Here's a snippet from the progression map:
| Module | Focus | Key Outcomes |
|---|---|---|
| 1: Foundational FP Concepts | Purity, contracts, refactoring | Spot impurities, write pure functions, prove equivalence with Hypothesis |
| 2: First-Class Functions & Expressive Python | Closures, partials, composable configurators | Configure pure pipelines without globals |
| 3: Lazy Iteration & Generators | Streaming/lazy pipelines | Efficient data processing without materializing everything |
M02C02: Expression-Oriented Python – Comprehensions, Conditional Expressions, No Control Flags¶
Core question:
How do you replace statement-heavy imperative code (loops + flags + breaks) with expressions, comprehensions, and data-driven conditionals—so control flow becomes explicit, composable, and easy to reason about?
This core introduces the expression-oriented mindset in Python:
- Treat core logic as value-producing expressions, not sequences of mutations.
- Default to comprehensions, conditional expressions, and built-ins (
any,all,next) for control flow. - Eliminate mutable control flags from core logic—keep them only at trivial edges, if at all.
We continue the running project from m02-rag.md, extending the FuncPipe RAG Builder:
- Baseline: a composition of the pure stages (clean → chunk → embed → dedup).
- Module 2 (Core 1):
make_rag_fn(...)– closure-based configurators. - This core: Replace imperative loops in the RAG core with expression-oriented code that is easier to configure, test, and prove equivalent to the baseline.
Audience: Developers who understand purity and configurators (Core 1) but still write loops like:
Outcome:
- Spot control flags (
found,valid,done) and explain why they obscure logic. - Refactor a 10–20 line loop into comprehensions /
any/nextwhile preserving semantics. - Write a Hypothesis property that proves equivalence to the baseline and exposes a real flag-based bug.
Runnability Note (Module 01 Snapshot vs Module 02 End-State)¶
Some “before” snippets in this core are hypothetical pre-refactor examples used for contrast. They are labeled accordingly and are not meant to exactly match a real snapshot. We refactor these shapes into the real Module 02 API as the module progresses.
For a real, runnable Module 01 codebase, use the module-01 tag worktree:
make worktrees- Module 01 path:
history/worktrees/module-01/ - Import path for Module 01:
history/worktrees/module-01/src/
1. Conceptual Foundation¶
1.1 Expression-Oriented Python in One Precise Sentence¶
Expression-oriented programming treats control flow as compositions of value-producing expressions instead of stepwise mutation—so code reads as “data -> data” rather than “state -> state”.
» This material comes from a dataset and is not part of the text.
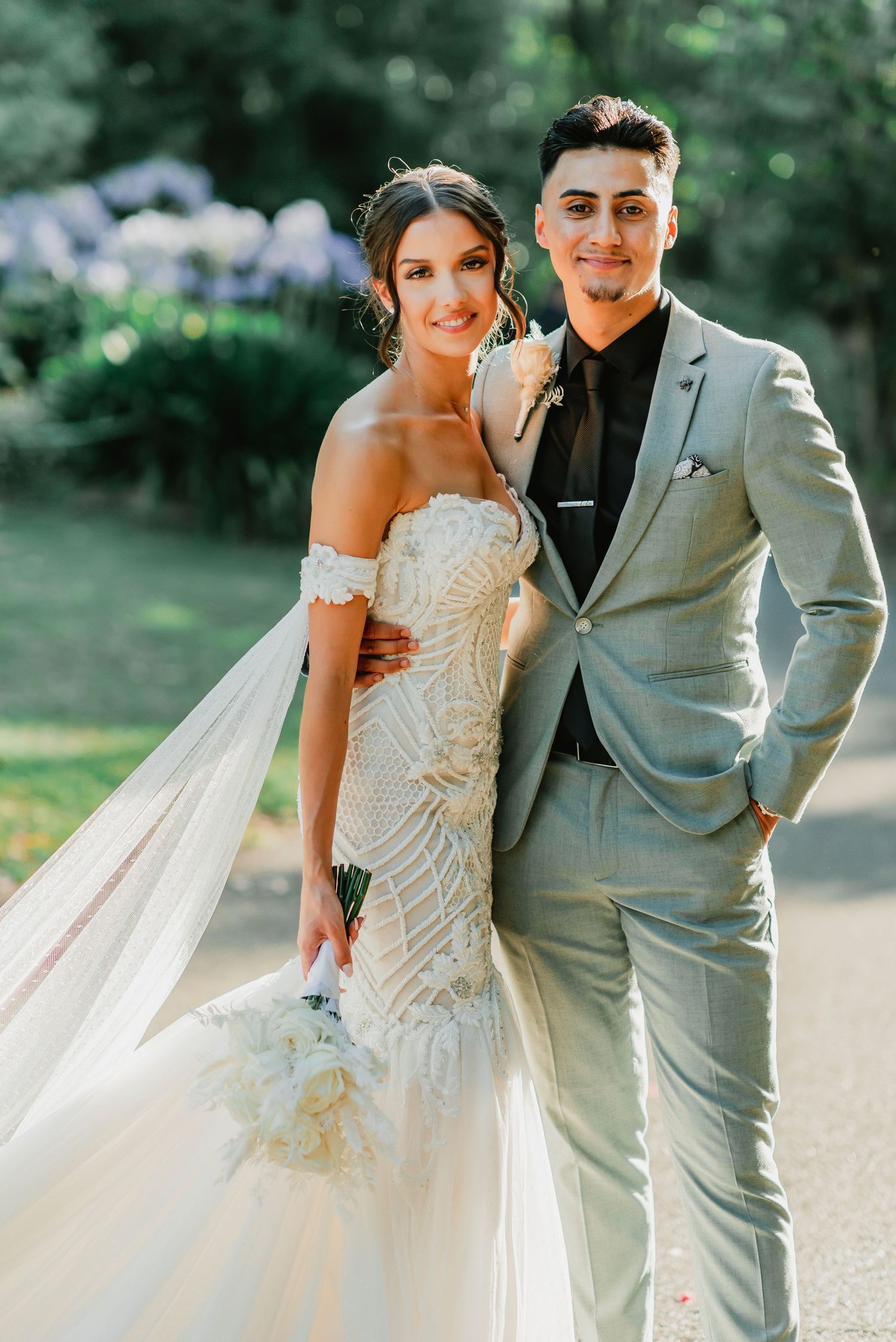 A bride in an off-shoulder lace gown and a groom in a light gray suit pose together outdoors for a wedding photo.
1.2 The One-Sentence Rule¶
In core logic, do not use mutable flags (
found,valid,done) or manualbreak/continuefor control; use comprehensions, conditional expressions, and built-ins that return values—flags andbreakmay be acceptable inside encapsulated low-level helpers with pure signatures.
1.3 Why This Matters Now¶
Core 1 gave you pure functions and closure-based configurators:
make_rag_fn(...) -> Callable[[list[RawDoc]], tuple[list[Chunk], Observations]]is pure and deterministic.-
But the implementation of the RAG core can still be imperative:
-
Loops with flags, early breaks, scattered
ifblocks. - Harder to reason about, harder to transform, and easier to subtly break when adding new behaviors.
Expression-oriented code:
- Turns “do this, then maybe that” into “compute this value, then transform it”.
- Makes pipelines equational: each step is an expression you can substitute and test in isolation.
- Aligns perfectly with Core 1’s closure-based configurators: you configure expressions, not control-flow spaghetti.
Core 1 configures what RAG function we call (make_rag_fn); Core 2 refactors how that function is implemented internally (full_rag_api expressed as comprehensions instead of flags).
1.4 Expressions as Values in 5 Lines¶
We start with a simple, RAG-flavored predicate table:
from collections.abc import Callable
from funcpipe_rag import RawDoc
def has_long_abstract(d: RawDoc) -> bool:
return len(d.abstract) >= 100
def is_cs_category(d: RawDoc) -> bool:
return d.categories.startswith("cs.")
DocPred = Callable[[RawDoc], bool]
predicates: dict[str, DocPred] = {
"long_abstract": has_long_abstract,
"cs_only": is_cs_category,
}
def filter_docs(key: str, docs: list[RawDoc]) -> list[RawDoc]:
return [d for d in docs if predicates[key](d)]
The key point:
filter_docsis a single expression ([...]) mapping docs to docs.- Control flow (“if this doc satisfies predicate P, keep it”) is encoded as data:
predicates[key].
No flags, no break; everything is composable and easy to test.
2. Mental Model: Imperative Flags vs Expressions¶
2.1 One Picture¶
Imperative Flags (Mutable) Expression-Oriented (Pure)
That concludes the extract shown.